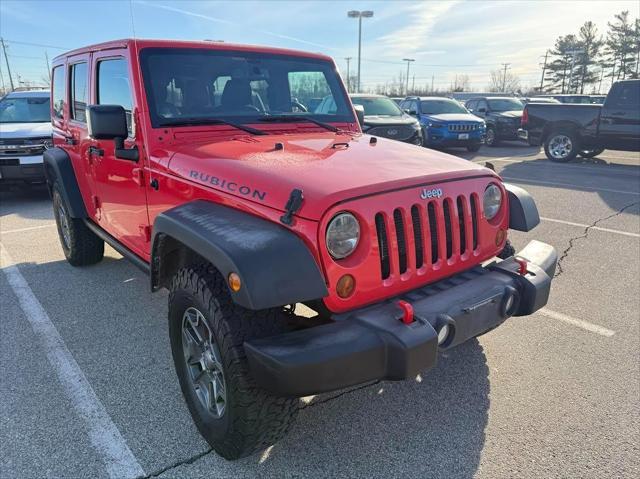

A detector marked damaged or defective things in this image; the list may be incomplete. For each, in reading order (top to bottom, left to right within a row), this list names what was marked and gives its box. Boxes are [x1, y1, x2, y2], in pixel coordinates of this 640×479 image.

crack in pavement [556, 202, 640, 278]
crack in pavement [136, 448, 215, 478]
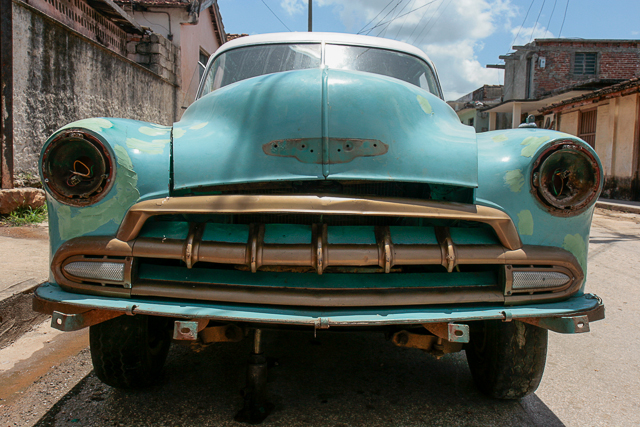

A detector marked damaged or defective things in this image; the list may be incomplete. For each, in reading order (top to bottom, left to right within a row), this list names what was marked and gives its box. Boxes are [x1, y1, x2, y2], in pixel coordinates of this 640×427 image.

rust spot [262, 138, 390, 165]
peeling paint on wall [520, 136, 552, 158]
rusty headlight rim [41, 129, 115, 207]
peeling paint on wall [56, 146, 140, 241]
peeling paint on wall [504, 170, 524, 193]
rusty headlight rim [528, 140, 600, 217]
peeling paint on wall [516, 210, 536, 236]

▶ Exercise objective: Retype exactly, and only, the lines that run from the one with "this 640×427 image." through the final line of the entries.

▶ Task answer:
A detector marked damaged or defective things in this image; the list may be incomplete. For each, in reading order (top to bottom, left to right within a row), this list names what was marked and gives its box. Boxes are [x1, y1, x2, y2], in pixel coordinates of this 640×427 image.

rust spot [262, 138, 390, 165]
peeling paint on wall [520, 136, 552, 158]
rusty headlight rim [41, 129, 115, 207]
peeling paint on wall [56, 146, 140, 241]
peeling paint on wall [504, 170, 524, 193]
rusty headlight rim [528, 140, 600, 217]
peeling paint on wall [516, 210, 536, 236]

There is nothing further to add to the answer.